Automated Reasoning checks are a part of Amazon Bedrock Guardrails, and validate the accuracy of AI generated content material towards area data. In line with AWS, this characteristic supplies 99% verification accuracy.

This was first launched as a preview at AWS re:Invent, and with this basic availability launch, a number of new options are being added, together with assist for giant paperwork in a single construct, simplified coverage validation, automated state of affairs technology, enhanced coverage suggestions, and customizable validation settings.

Google provides Gemini CLI to GitHub Actions

This new providing is designed to behave as an agent for routine coding duties. At launch, it contains three workflows: clever subject triage, pull request opinions, and the power to say @gemini-cli in any subject or pull request to delegate duties.

It’s obtainable in beta, and Google is providing free-of-charge quotas for Google AI Studio. Additionally it is supported in Vertex AI and Customary and Enterprise tiers of Gemini Code Help.

OpenAI proclaims two open weight reasoning fashions

OpenAI is becoming a member of the open weight mannequin recreation with the launch of gpt-oss-120b and gpt-oss-20b.

Gpt-oss-120b is optimized for manufacturing, excessive reasoning use circumstances, and gpt-oss-20b is designed for decrease latency or native use circumstances.

In line with the corporate, these open fashions are akin to its closed fashions by way of efficiency and functionality, however at a a lot decrease value. For instance, gpt-oss-120b operating on an 80 GB GPU achieved related efficiency to o4-mini on core reasoning benchmarks, whereas gpt-oss-20b operating on an edge gadget with 16 GB of reminiscence was akin to o3-mini on a number of widespread benchmarks.

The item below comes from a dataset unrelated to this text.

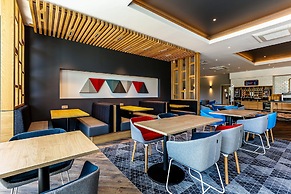 Holiday Inn Express Bicester by IHG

Google DeepMind launches Genie 3

Genie 3 is a frontier mannequin for producing actual world environments. It may possibly mannequin bodily properties of the world, like water, lighting, and environmental actions.

Customers also can use prompts to alter the generated world so as to add new objects and characters or change climate circumstances, for instance.

In line with DeepMind, this analysis is essential as a result of it could allow AI brokers to be educated in quite a lot of simulated environments.

Tags
AI

Cookie	Duration	Description
cookielawinfo-checkbox-analytics	11 months	This cookie is set by GDPR Cookie Consent plugin. The cookie is used to store the user consent for the cookies in the category "Analytics".
cookielawinfo-checkbox-functional	11 months	The cookie is set by GDPR cookie consent to record the user consent for the cookies in the category "Functional".
cookielawinfo-checkbox-necessary	11 months	This cookie is set by GDPR Cookie Consent plugin. The cookies is used to store the user consent for the cookies in the category "Necessary".
cookielawinfo-checkbox-others	11 months	This cookie is set by GDPR Cookie Consent plugin. The cookie is used to store the user consent for the cookies in the category "Other.
cookielawinfo-checkbox-performance	11 months	This cookie is set by GDPR Cookie Consent plugin. The cookie is used to store the user consent for the cookies in the category "Performance".
viewed_cookie_policy	11 months	The cookie is set by the GDPR Cookie Consent plugin and is used to store whether or not user has consented to the use of cookies. It does not store any personal data.